Segment Open
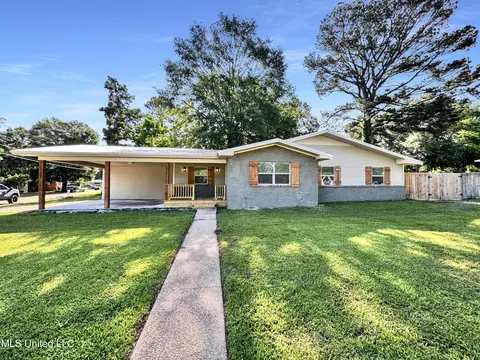210 Pemberton Dr, Pearl, MS 39208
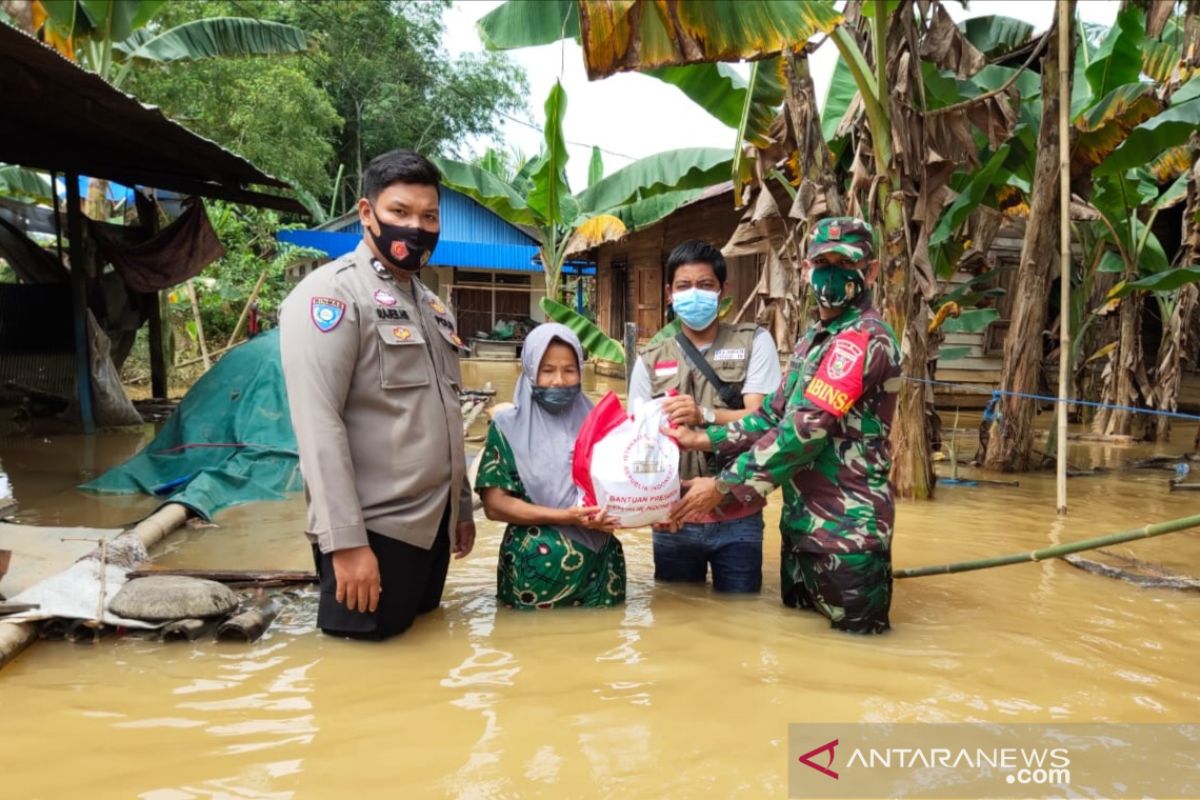 TNI-Polri distribusikan seribu paket bantuan Presiden RI kepada warga HST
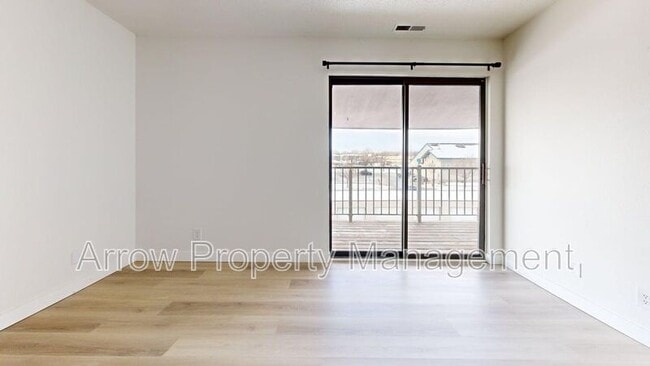 Foto del edificio - 201 E Arbor Ave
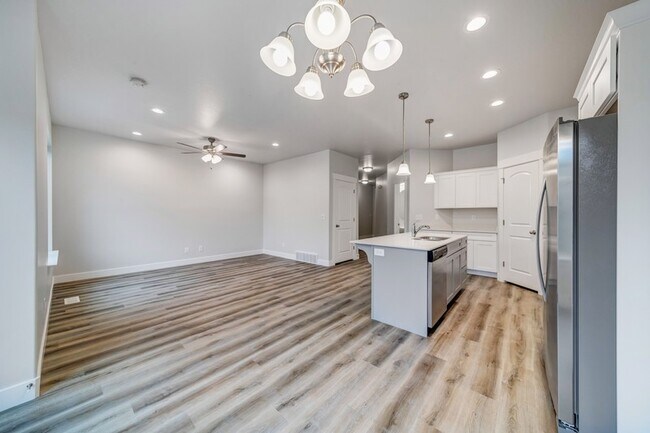 Building Photo - 16422 S Bull Spgs Ln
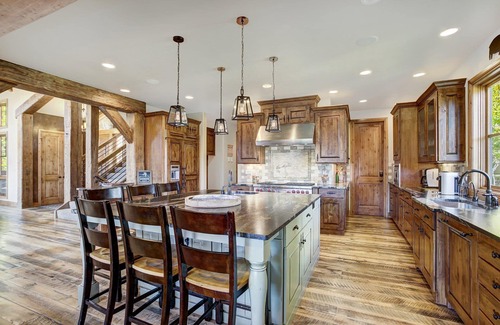 Warrior's Mark West Casa | NEW Wandering Moose on Peak 10, Epic Views, Hot Tub, LOCATION!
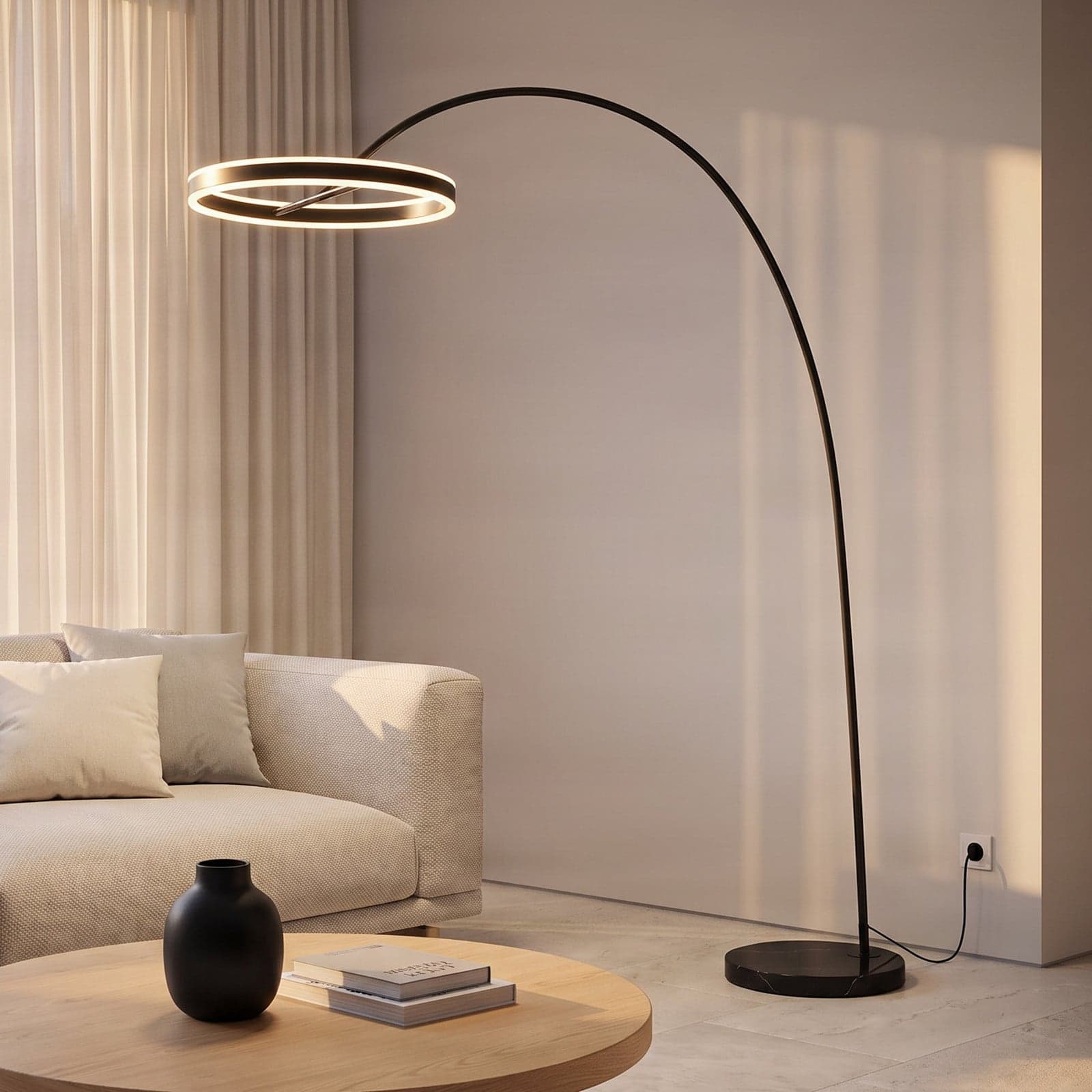Yekta LED Gulvlampe Black - Lucande - Stue - Design - Metall - Med en lyskilde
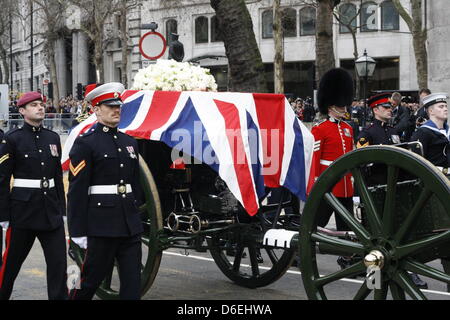 Soldaten marschieren neben der Lafette mit Sarg der ehemaligen britischen Premierministerin Margaret Thatcher während Thatchers Trauerzug in London, UK, 17. April 2013. Baroness Thatcher starb nach einem Schlaganfall im Alter von 87 Jahren am 8. April 2013. Foto: MARIE ROEVEKAMP/DPA/Alamy Live-Nachrichten Stockfoto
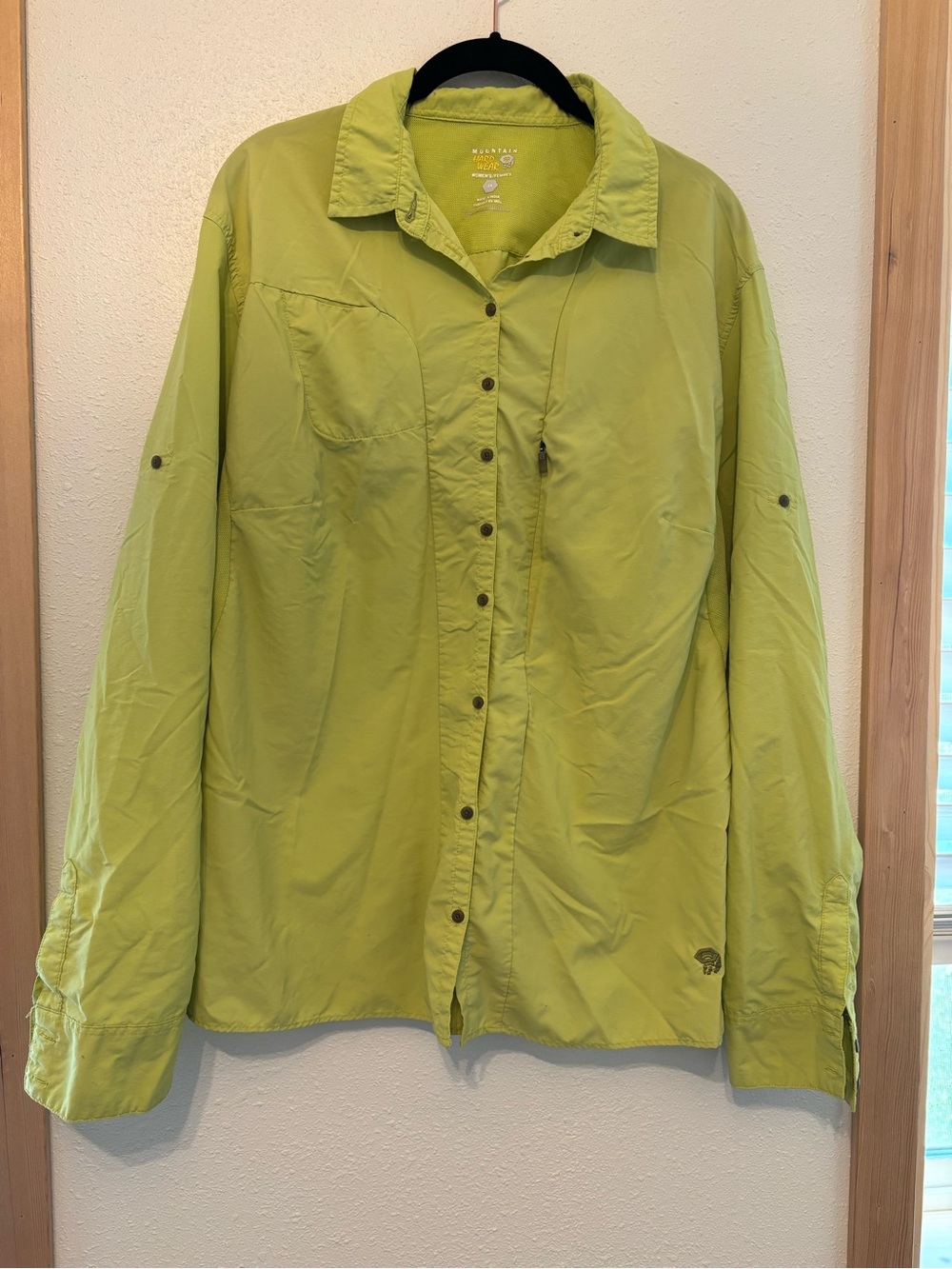 Mountain Hardwear Women's Lime Green Button-Down Shirt Travel Sport Dimpa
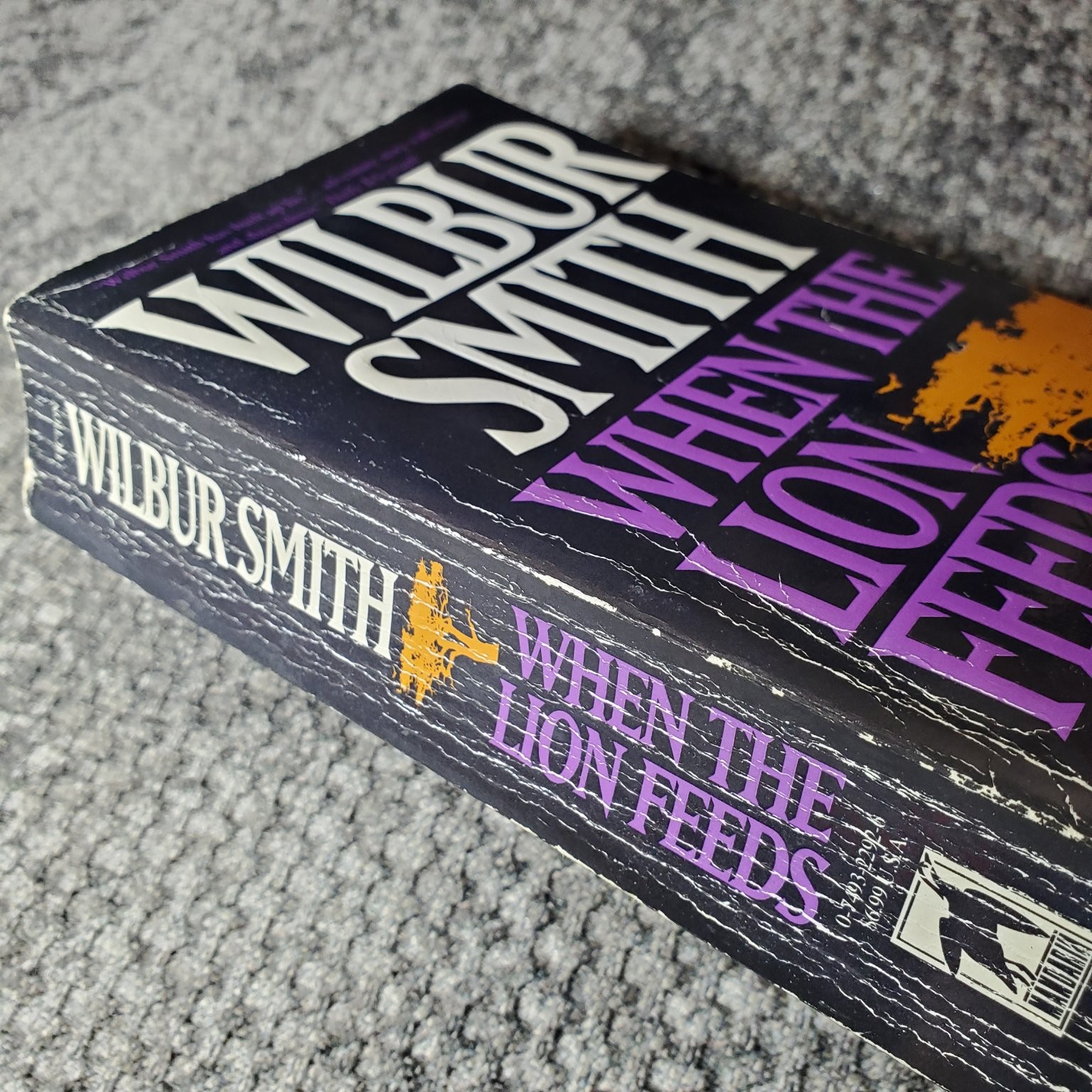 When the Lion Feeds Wilbur Smith 1964 Paperback Adventure Mandarin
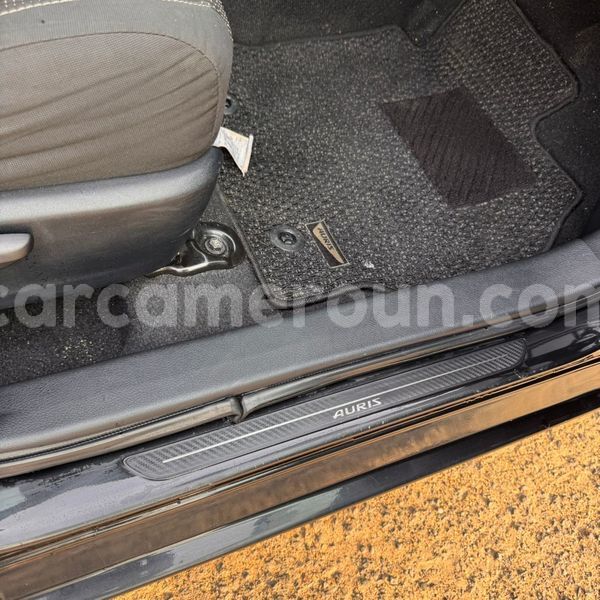 Big with watermark toyota auris littoral cameroon douala 21725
Segment Closed
Instructions for the task:
Retype the listing exactly. Leave out its pictures.

Solution to this problem:
210 Pemberton Dr, Pearl, MS 39208
 TNI-Polri distribusikan seribu paket bantuan Presiden RI kepada warga HST
 Foto del edificio - 201 E Arbor Ave
 Building Photo - 16422 S Bull Spgs Ln
 Warrior's Mark West Casa | NEW Wandering Moose on Peak 10, Epic Views, Hot Tub, LOCATION!
Yekta LED Gulvlampe Black - Lucande - Stue - Design - Metall - Med en lyskilde
 Soldaten marschieren neben der Lafette mit Sarg der ehemaligen britischen Premierministerin Margaret Thatcher während Thatchers Trauerzug in London, UK, 17. April 2013. Baroness Thatcher starb nach einem Schlaganfall im Alter von 87 Jahren am 8. April 2013. Foto: MARIE ROEVEKAMP/DPA/Alamy Live-Nachrichten Stockfoto
 Mountain Hardwear Women's Lime Green Button-Down Shirt Travel Sport Dimpa
 When the Lion Feeds Wilbur Smith 1964 Paperback Adventure Mandarin
 Big with watermark toyota auris littoral cameroon douala 21725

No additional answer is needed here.